I’ve tracked the packed and verified it arrived at the warehouse where it was to be tested before installed at the first beta site. so I checked my email every day for news about what’s going on. i’ve checked it multiple times a day. and then the phone rang. on the line was the client’s technical manager, and the system was not functioning all that great. from what he described, it sounded like it’s stuck in a loop. this shouldn’t have happened and I felt horrible.
we spent the entire evening trying to figure out what is going on. we were going over the schematics and scrutinizing every part. a previous revision had been working for us before, so the finger was pointing at the changed I’ve made. but the new circuit was actually simpler than previous version. could it be the external peripherals that were connected had changed? it was supposed to be dry contact interface, so nothing much there.
I didn’t had much sleep that night. going to sleep at 2 am, I woke up at 6:30. luckily when you’re working with counterparts on the other side of the globe, they keep working while you’re not. in my email inbox was an idea that could explain what we’re facing. I quickly made coffee and rushed to test his theory, and he was spot on. sigh of relief.
the problem was a collection of unrelated thing. the device we were interfacing had a push button that I hocked up to my cpu with an optocoupler. it also had a lot of interlock loops connecting various pins. one of those links connected the push button to another pin I was also monitoring , and when connected together one circuit triggered the other.
the fix turned out to be as simple as removing a resistor, but then I thought what could I be doing to prevent this from happening? and I figured I’ve broken some of my own rules…
Less is more
I once took my car into service at the local garage. while I was waiting for the oil change, and new flashy sports car came in. it looked beautiful, and had a strong engine and a soft-top that could be opened with the press of a button. I started fantasizing on owning such a car myself, so I’ve asked the mechanic what his opinion. his response surprised me: “its a collection of a lot of useless things that can go wrong”.

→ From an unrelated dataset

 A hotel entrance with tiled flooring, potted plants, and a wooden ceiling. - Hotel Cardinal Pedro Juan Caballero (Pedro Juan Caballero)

the offending circuit was part of the original design, but was not used by the software so I didn’t pay attention to it, just kept it there “just in case” and it waited there to cause trouble.
test test test
engineers are lazy. I’ll even argue that’s why we became engineers, so we could build machine that will do the work we hate for us.
in my case, testing everything is a lot of boring work. so I’ve tested most of the things I’ve thought were important. I’ve tested the main interface, and even some rare use cases. but I didn’t test everything.
now i’m going back to resurrect the automatic tester I’ve started to build but abandoned since there were more “important” things to do.
abstractions are leaky
the best thing of course would have been to test the system against real equipment. unfortunately it’s big and expensive. so I had to simulate. simulations tend to not represent reality, or at least not whole of it. and it will tend to show these imperfections at the worst possible times.
the irony is that my simulator actually had a switch to simulate that interlock, but since I wasn’t using it, i didn’t pay and attention, and left it in the off position.
Two pairs of eyes are better than one
there is a saying in yiddish “A guest for a while sees a mile”.
I’m working solo. it very efficient and it’s easy for me. but there are disadvantages. We think we can trust our eyes, but when we look at information, we are subjective. our brain automatically categorize and prioritize the data. we pay more attention to some things and ignore others. and each brain is biased.
when I went over the schematics trying to find the source of error, I overlooked some parts of it. I know the software isn’t using some signals, so what importance does the circuits behind them have ? Carl didn’t owned these preconceptions. so it jumped right out for him.